= What you are asked to do =
Please retype the entries exactly as they stand, leaving out any pictures.

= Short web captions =

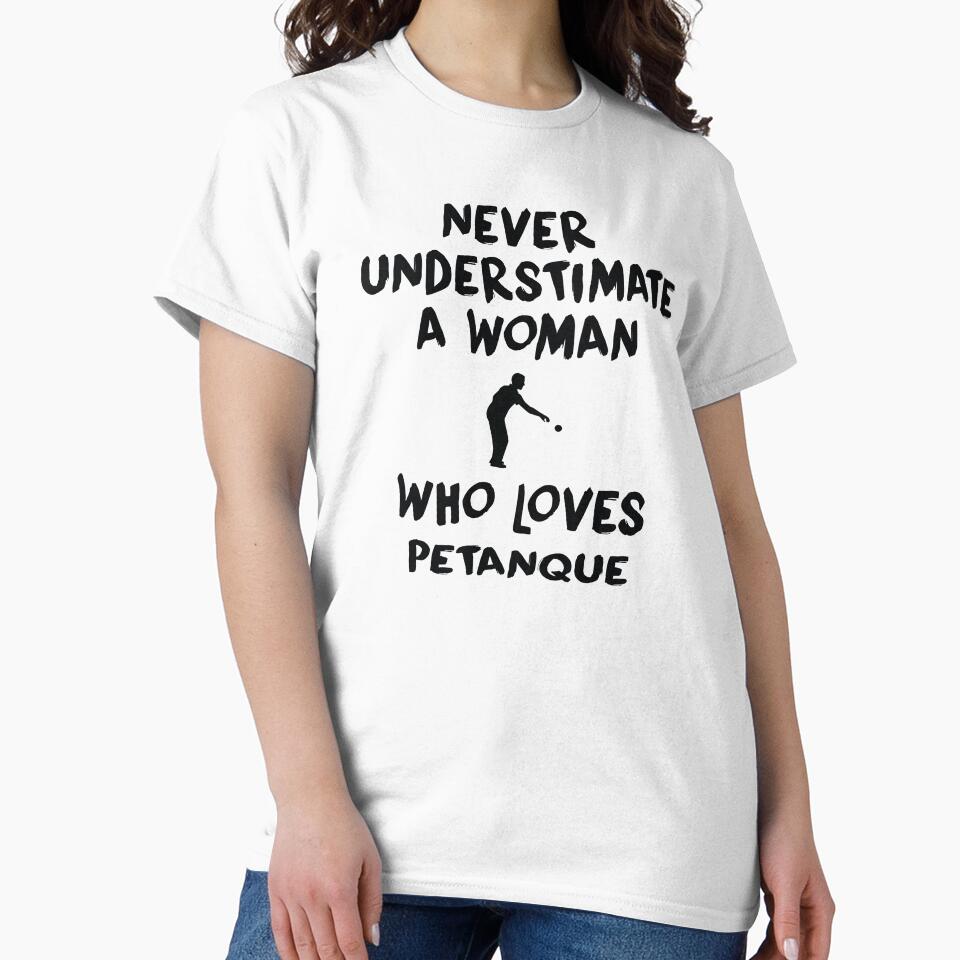 Never Understimate  A Woman Who Loves Petanque, Funny Petanque, Petanque Boule Bocce Player Funny Saying by Aerial Addicts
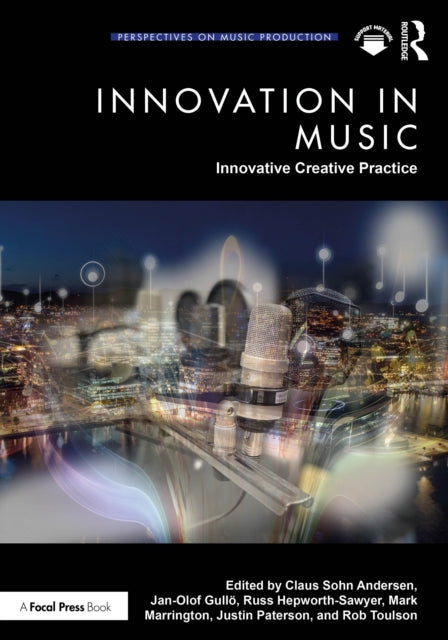 Innovation in Music Innovative Creative Practice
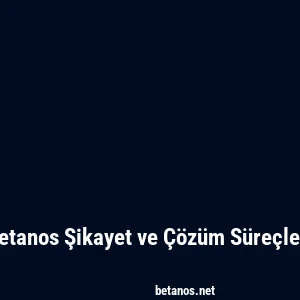Betanos Şikayet ve Çözüm Süreçleri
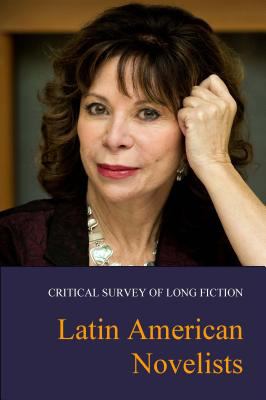 Critical Survey of Long Fiction: Latin American Novelists : Print Purchase Includes Free Online Access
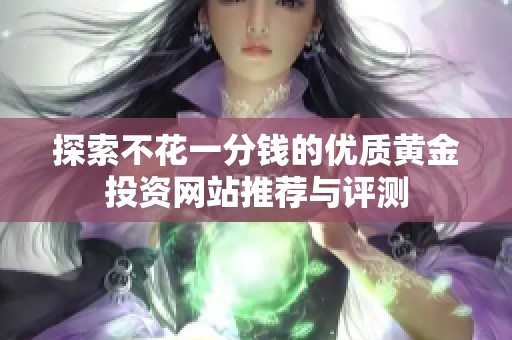 探索不花一分錢(qián)的優(yōu)質(zhì)黃金投資網(wǎng)站推薦與評(píng)測(cè)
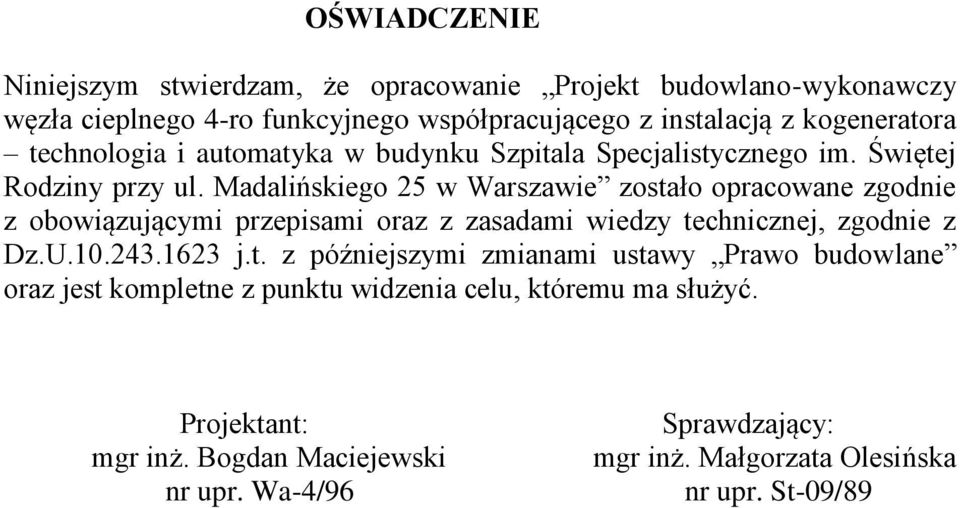 Madalińskiego 25 w Warszawie zostało opracowane zgodnie z obowiązującymi przepisami oraz z zasadami wiedzy technicznej, zgodnie z Dz.U.10.243.1623 j.t. z późniejszymi zmianami ustawy Prawo budowlane oraz jest kompletne z punktu widzenia celu, któremu ma służyć.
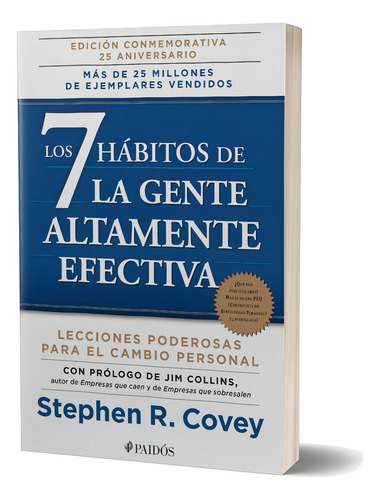 Los 7 Hábitos De La Gente Efectiva - Covey, Paidos 2014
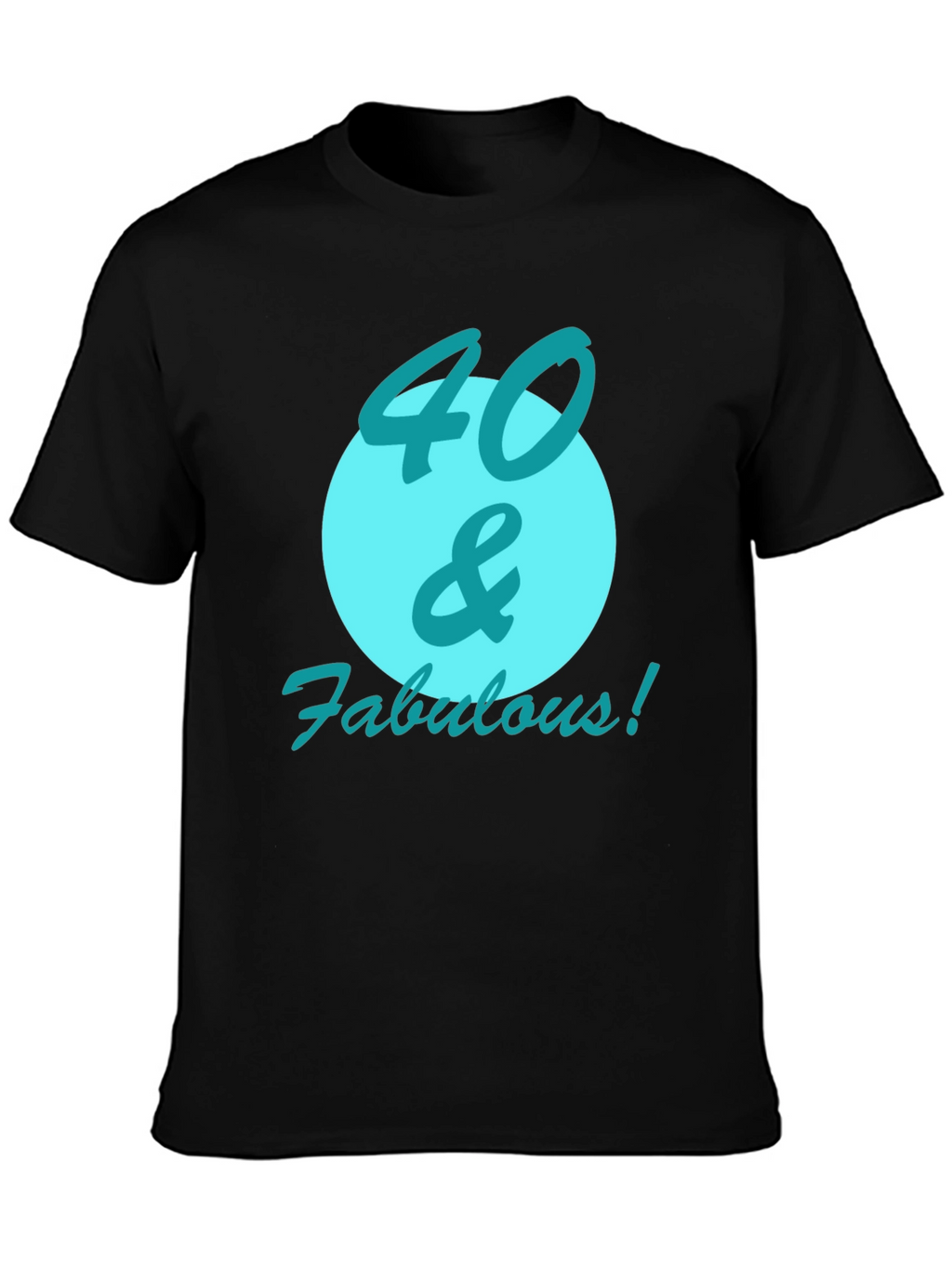 40 & Fabulous Black Graphic Tee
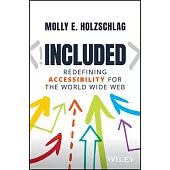 Included: Redefining Accessibility for the World Wide Web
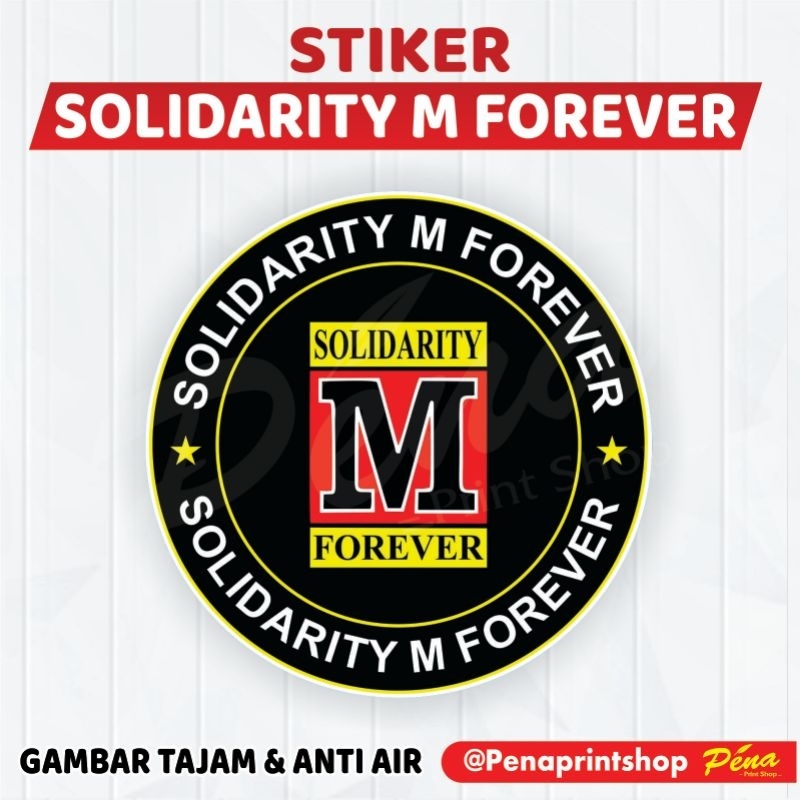 Jual Sticker Stiker SOLIDARITY M FOREVER / Stiker M Solver Teknik Mesin ...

= Result of the task =
 Never Understimate  A Woman Who Loves Petanque, Funny Petanque, Petanque Boule Bocce Player Funny Saying by Aerial Addicts
 Innovation in Music Innovative Creative Practice
Betanos Şikayet ve Çözüm Süreçleri
 Critical Survey of Long Fiction: Latin American Novelists : Print Purchase Includes Free Online Access
 探索不花一分錢(qián)的優(yōu)質(zhì)黃金投資網(wǎng)站推薦與評(píng)測(cè)
 Madalińskiego 25 w Warszawie zostało opracowane zgodnie z obowiązującymi przepisami oraz z zasadami wiedzy technicznej, zgodnie z Dz.U.10.243.1623 j.t. z późniejszymi zmianami ustawy Prawo budowlane oraz jest kompletne z punktu widzenia celu, któremu ma służyć.
 Los 7 Hábitos De La Gente Efectiva - Covey, Paidos 2014
 40 & Fabulous Black Graphic Tee
 Included: Redefining Accessibility for the World Wide Web
 Jual Sticker Stiker SOLIDARITY M FOREVER / Stiker M Solver Teknik Mesin ...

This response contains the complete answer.